Some 96% of private equity backed companies says that their private equity investors have improved or not affected performance, according to the BDO Corporate Finance’s 2011 PrIvate Equity Survey, which polls the views of Private Equity Houses and their portfolio companies.. The main reason cited was the expertise and support provided, followed by access to capital. Only 4% suggested that performance had been harmed.
The survey also found that 69% of respondents agree that the main focus of management over the last 12 months has been organic growth, while 75% predict that this will also be the main focus for the next 12 months.
Furthermore 74% of companies surveyed currently consider themselves as being on a growth trajectory, while 76% agree that their business’s capital structure is appropriate in the current climate.

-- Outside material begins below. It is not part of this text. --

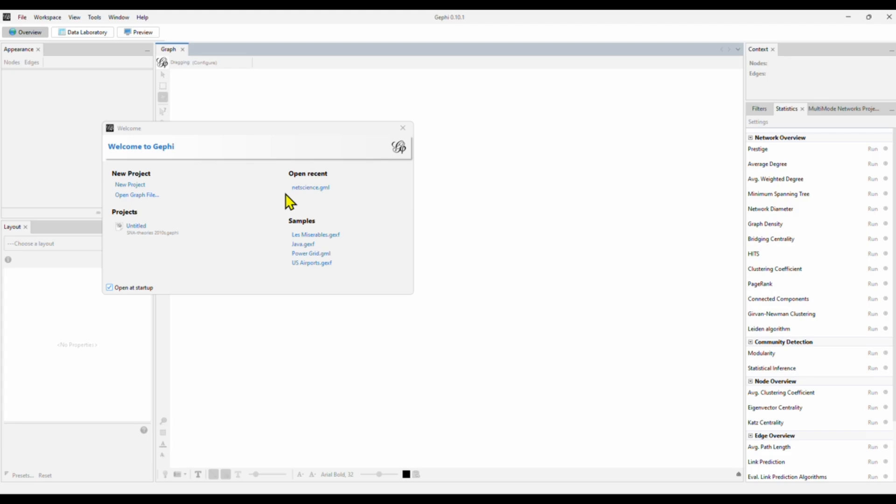In this video, I'll show you how to use Gephi to conduct a social network analysis.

Alex White (pictured), Corporate Finance Partner, BDO LLP says: “Contrary to widespread accusations that the Private Equity industry is guilty of stripping assets for short term gain, our findings prove that the overwhelming majority of private equity backed companies recognise tangible benefits from their investors’ involvement. Moreover, the management teams are rightly concentrating on organic growth, confident that that their business’s capital structure is well equipped for the current environment.”

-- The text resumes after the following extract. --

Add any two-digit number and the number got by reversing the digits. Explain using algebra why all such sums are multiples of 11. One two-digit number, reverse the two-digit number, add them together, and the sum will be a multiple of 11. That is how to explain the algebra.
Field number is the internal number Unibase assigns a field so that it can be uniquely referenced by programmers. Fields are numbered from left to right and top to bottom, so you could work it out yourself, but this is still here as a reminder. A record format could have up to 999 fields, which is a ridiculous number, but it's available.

On average 71% of PE house’s current investments are on target or are ahead of achieving the original plan.
Bolt on acquisitions are expected to be made to nearly half (49%) of all companies surveyed. 81% of the corporate respondents who have made bolt on acquisitions in the past confirmed that these acquisitions have added value.
“It is encouraging to see that even in the current uncertain climate Private Equity houses are managing to successfully steer through their plans,” says White. “The steady stream of strategic bolt-on acquisitions for certain investments are fuelling deal activity and providing value.”